Most of the time I don’t even notice it, the dearth of female engagement in the work place. Most weeks it’s the usual ratio of 80-85% men to 15-20% women and, like the white noise of working near a busy road, you just get used to it. You forget to notice that you have to turn the volume up to hear and make grander gestures to be heard over the noise. You just get used to it. You might even smirk to yourself when there is no line for the women’s restroom and think to yourself, “well, at least this is a plus” as you stand at the sink alone or next to the other lone female at a meeting.
But sometimes that white noise is not so easy to ignore. In fact, for me, a few weeks ago it was deafening.

I happened to have an unusual week where I had not one, not two, but three separate company board meetings to attend in one week. Spanning the country from San Diego to Fremont to Boston, I attended three such meetings as the only female representative on each of these boards.
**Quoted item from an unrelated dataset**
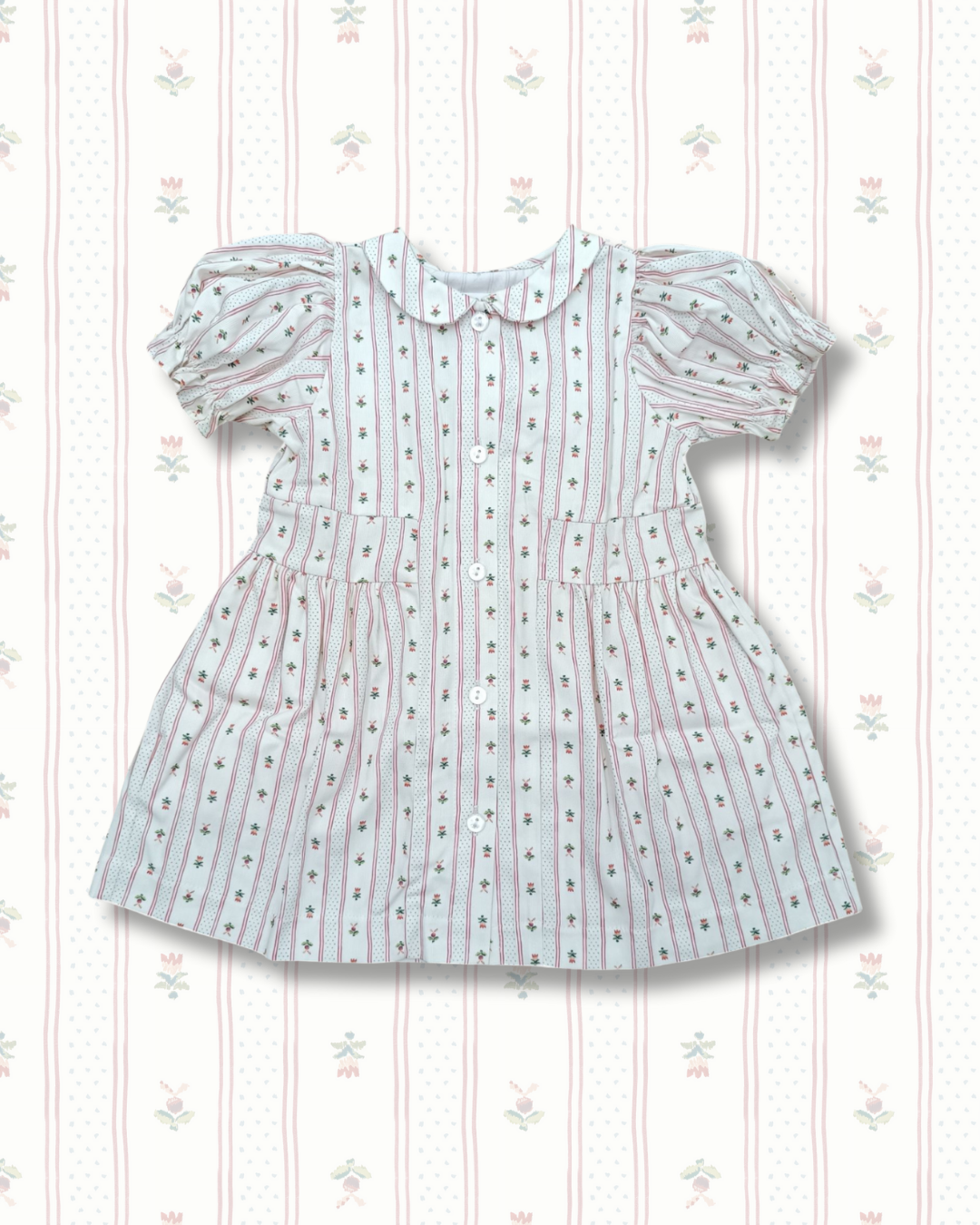 Charlotte Dress | Holiday Dot Stripe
I have been on each of these boards a long time, but never attended all three in one week, and the abundance of blue shirts and khakis was notable because of the concentration bias. I mean, I see these guys all the time and usually I don’t notice that I’m the only one putting on lipstick (at least in public); but seeing them all in a row together was a little like accidentally finding yourself at Bohemian Grove without the right equipment.
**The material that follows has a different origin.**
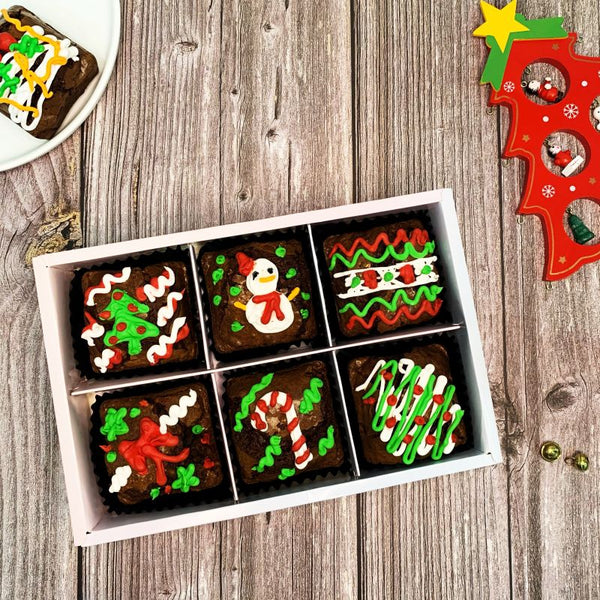 Christmas Theme Brownies- $34/Box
But what made the white noise particularly deafening last week was the part where it turned kind of black. In one of the board meetings we were interviewing financial advisers. Four different sets of would-be advisers trooped through, sporting teams of 3-5 each, every single one of them men. As each of the foot soldiers marched in, there was the usual round robin of handshaking all around, everyone reaching for everyone’s hand like when everyone is stretching to clink everyone else’s glass after a Thanskgiving Dinner toast. There were finance guys everywhere hurling arms across tables with hands outstretched as if it would be bad luck to miss an opportunity to connect.
And then it happened.
During the ritual handshaking do-si-do, one of the guys invited to present his firm was seeking to make eye contact with each of the board members one-by-one in order to shake their hands. It was a crowded room and he had to separate the male board members from the male management team members in the room and he was doing just fine. And then he got to me. He looked right at me then right past me in one motion, dragging his shaking hand behind him and mentally assuming, I can only imagine, that as the only female in the room I was there to refill the men’s coffee. There it was: the sound of one hand not shaken.
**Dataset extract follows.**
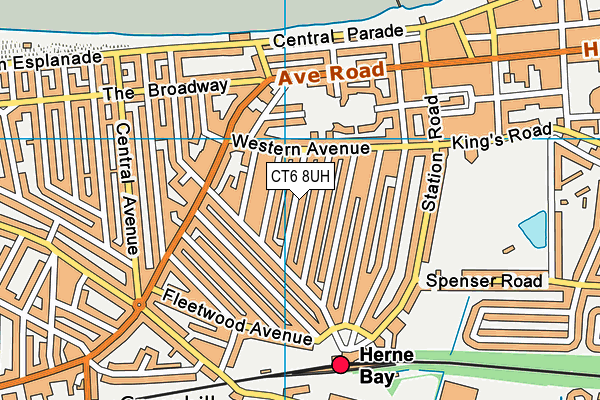 CT6 8UH map - OS VectorMap District (Ordnance Survey)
The dude realized his serious party foul the minute I sat down at the grown-up table. You could see in his now greenish face that he was thinking, “Doh! Should have shaken the girl hand–oh crap!” I’m pretty sure he knew what I was thinking, and it was, “Don’t bother giving your presentation because I wouldn’t want you representing this company in public.”
It is moments like these that I realize that women still have a long way to go to be treated as equals in the workplace. Not everywhere, mind you; there is progress here and there and it was recently pointed out to me by a male colleague that there are now three female members of the Supreme Court. But that’s politics and the voters are 50% women, so it is easy to be somewhat cynical about that example.
In business it is not a voting democracy and thus few females make it all the way to the top. In this day and age why are we so thrilled that 46 of Fortune 1000 CEOs are women when it should be closer to 500 just based on the relative representation of gender in the population? In healthcare powerhouse companies the female CEOs are few and far between. In venture-backed start-ups it is equally bad.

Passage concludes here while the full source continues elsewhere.